De manière audacieuse, Leblanc et sa coscénariste Judith Baribeau abordent des sujets controversés et tristement d’actualité tels que les abus sexuels, les abus de pouvoirs, la solidarité hypocrite, la méfiance de l’étranger et le racisme ordinaire. Certains de ces thèmes sont abordés avec plus de subtilité et de justesse que d’autres. Les enjeux d’abus sexuel sont explorés avec davantage de finesse que ceux liés au racisme notamment, insérés de manière plus facile.
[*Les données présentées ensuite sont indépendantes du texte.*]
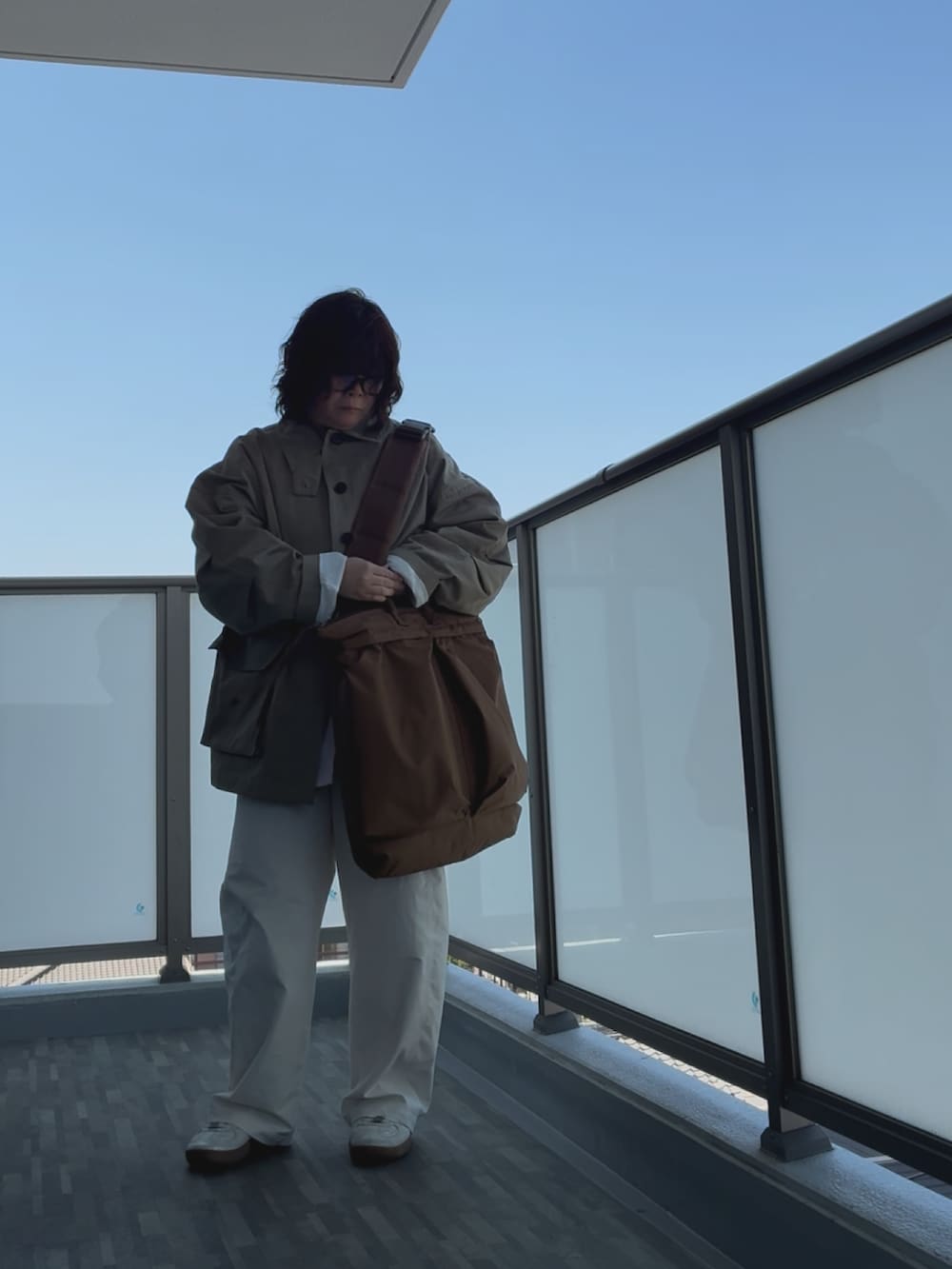 ベージュ系のテーラードジャケット、ピンク系のシャツ/ブラウス、ブラウン系のバッグを着用したレディースの春コーディネートの3枚目の写真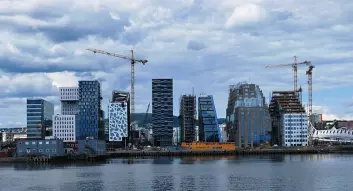 Byggene i Barcode i Bjørvika har vært fokus for arkitekturdebatten i Norge de siste årene. Dermed blir det stål- og betongmaterialer som får oppmerksomhet. Signalbygg i tre kan få flere til å vurdere mulighetene i materialet, tror Nygaard. (Foto: Helge Høifødt/Wikimedia Creative Commons)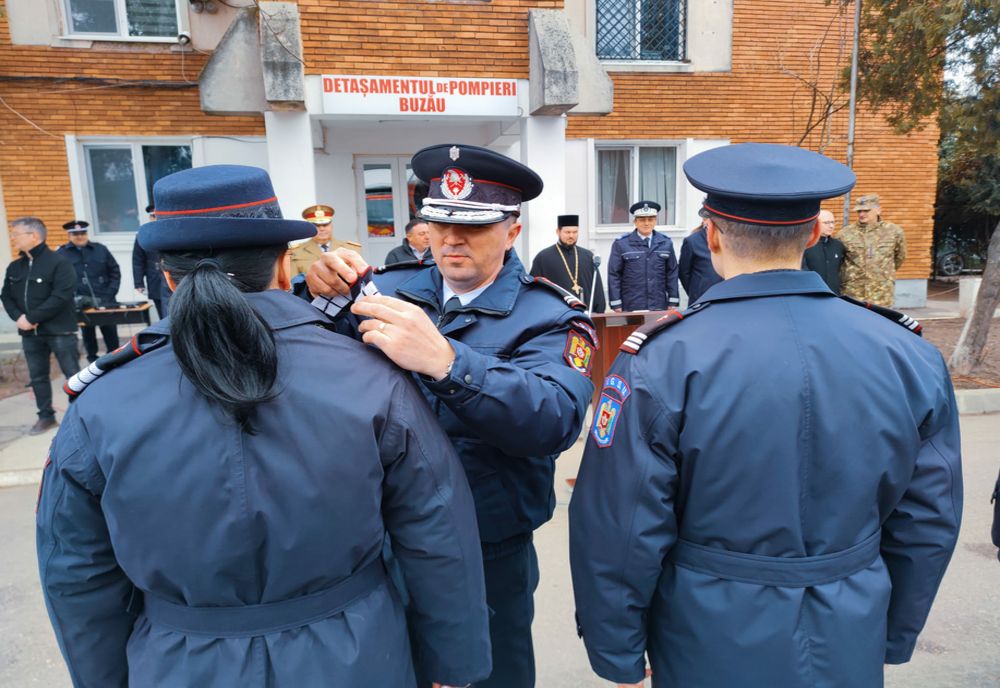 Avansări în grad la ISU Buzău cu ocazia Zilei protecției Civile în România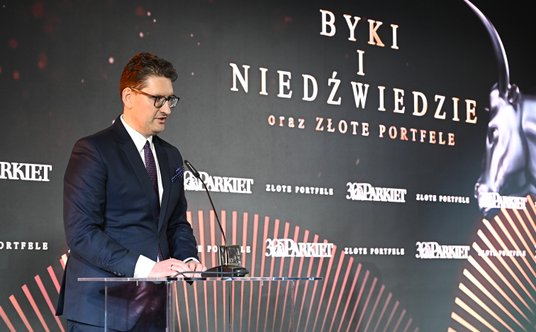 Nagrodę odebrał Piotr Grzeliński, dyrektor zespołu zarządzania akcjami rynku krajowego Pekao TFI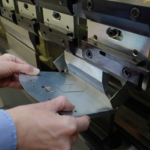 แนวโน้มการพัฒนาเครื่องดัดพับโลหะแผ่นในอนาคต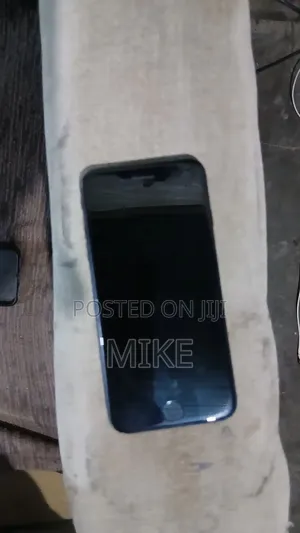 Apple iPhone 7 32 GB Black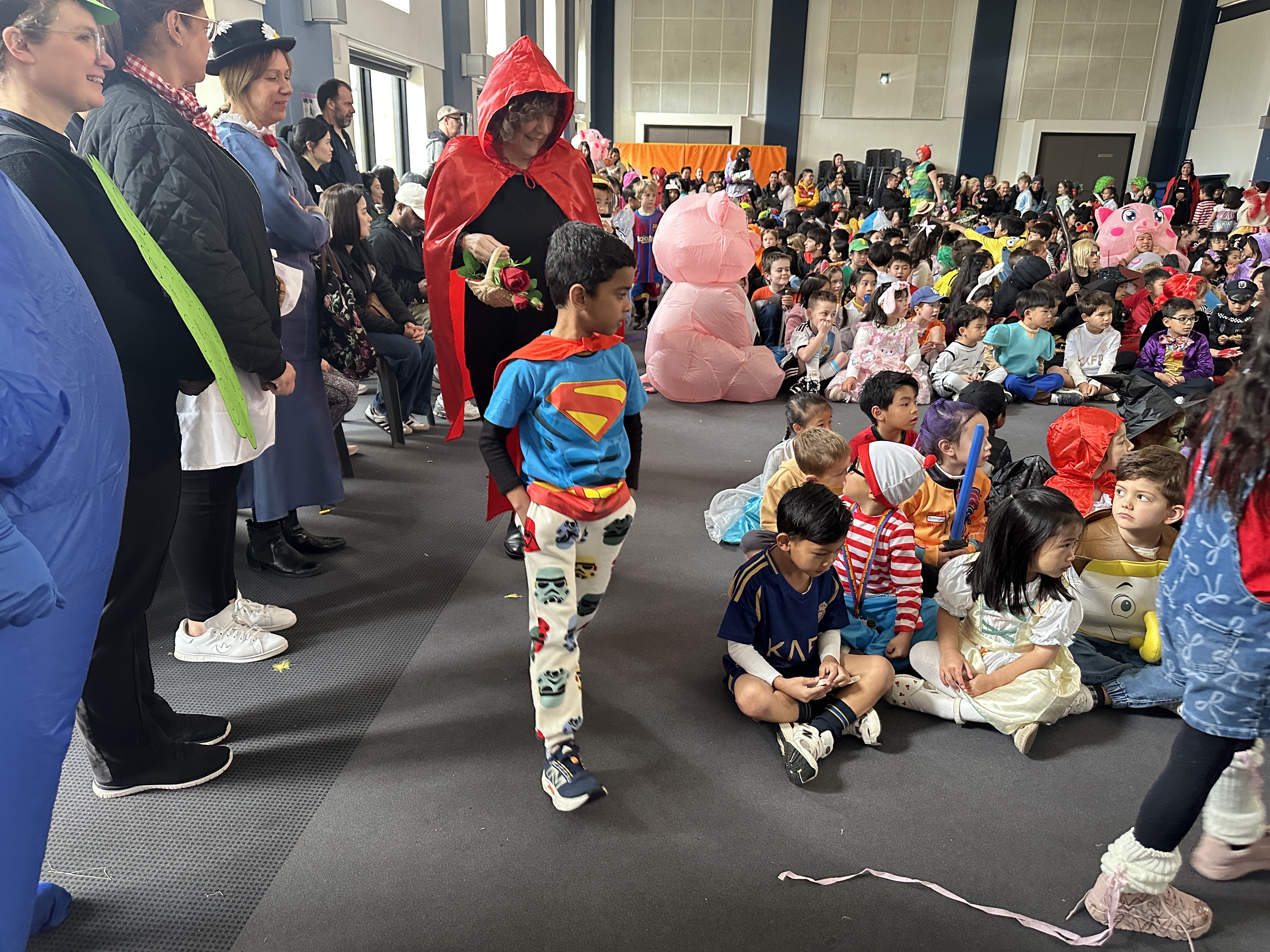 /uploaded_files/media/gallery/17562646662025 book week (77).JPG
À l’instar de la jeune Émilie Bierre, les autres interprètes participent à la véracité du film. Marianne Farley capture bien la détresse et la frustration de la mère qui n’arrive pas à comprendre sa fille. Judith Baribeau joue tout en vulnérabilité le rôle de la femme délaissée par son mari et qui refuse la condamnation de son fils adoptif par un tribunal populaire. Paul Doucet s’acquitte également avec brio d’un rôle très difficile.

Ces puissantes interprétations font oublier quelques invraisemblances dans le scénario par ailleurs tout en sobriété qui évite de prendre le chemin facile pour emprunter des routes plus inconfortables qui confrontent le spectateur et le mènent à de douloureuses réflexions sur nos responsabilités.